Given a sequence a[1],a[2],a[3]......a[n], your job is to calculate the max sum of a sub-sequence. For example, given (6,-1,5,4,-7), the max sum in this sequence is 6 + (-1) + 5 + 4 = 14.

The first line of the input contains an integer T(1<=T<=20) which means the number of test cases. Then T lines follow, each line starts with a number N(1<=N<=100000), then N integers followed(all the integers are between -1000 and 1000).

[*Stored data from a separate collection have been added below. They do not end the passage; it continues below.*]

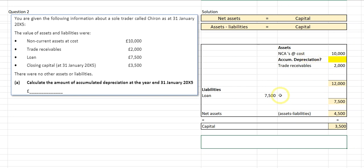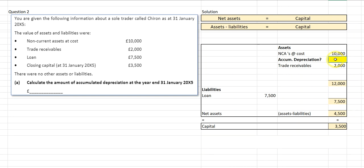There's only one liability, so my preliminary net assets figure is 4,500 — but it needs to be 3,500, my capital. To find the missing figure: 3,500 minus 4,500 gives negative 1,000. That's correct to make net assets and capital balance. In an exam you would answer that accumulated depreciation is 1,000 — not minus 1,000 — because the negative reflects how I've built the formula.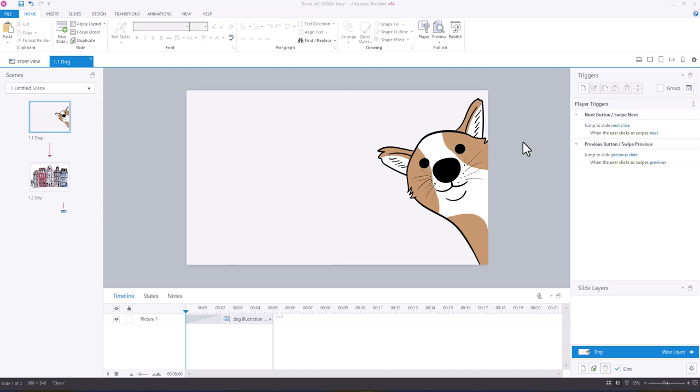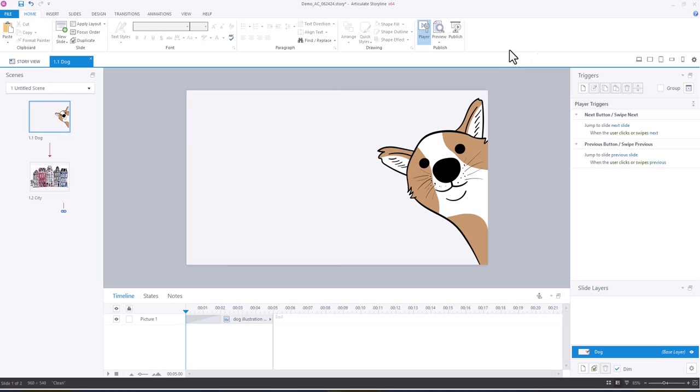Hey everyone, in this video I wanted to show you how you can quickly change the Articulate Storyline player text labels when you're working with translations. All you have to do is go into your player properties and then you'll see that there's an area for text labels.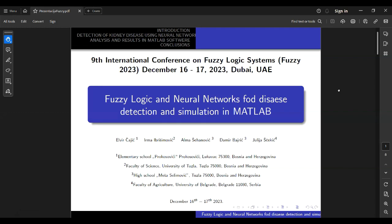Dear organizers, professors and guests, I warmly greet you. My name is Irma Ibrisimović. Today I will present to you a paper entitled Fuzzy Logic and Neural Networks for Disease Detection and Simulation, which I wrote together with my colleagues Iulia, Damir, Alma and Elvir.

For each test case, you should output two lines. The first line is "Case #:", # means the number of the test case. The second line contains three integers, the Max Sum in the sequence, the start position of the sub-sequence, the end position of the sub-sequence. If there are more than one result, output the first one. Output a blank line between two cases.

2
5 6 -1 5 4 -7
7 0 6 -1 1 -6 7 -5

Case 1:
14 1 4

Case 2:
7 1 6

Ignatius.L
分析：这是一道动态规划题，刚开始做的时候想了好久，第一次接触感觉真的好难，提交了好多次，，，终于过了

#include<iostream>
#include<stdio.h>
using namespace std;
int main()
{
    int test;
    int n;
    int a[100050];
    cin>>test;
    int k=1;
    while(test--)
    {
        cin>>n;
        for(int i=0;i<n;i++)
            cin>>a[i];
        int max=a[0],now=a[0];
        int p1=0,p2=0;
       int x=0;
        for(int i=1;i<n;i++)
        {

            if(now+a[i]<a[i])   
            {
                x=i;
                now=a[i];
            }
            else
                now=now+a[i];
            if(max<now)
            {
                p1=x;
                max=now;
                p2=i;
            }
        }
        printf("Case %d:\n",k++);
        printf("%d %d %d\n",max,p1+1,p2+1);
        if(test)
            printf("\n");
    }
    return 0;
}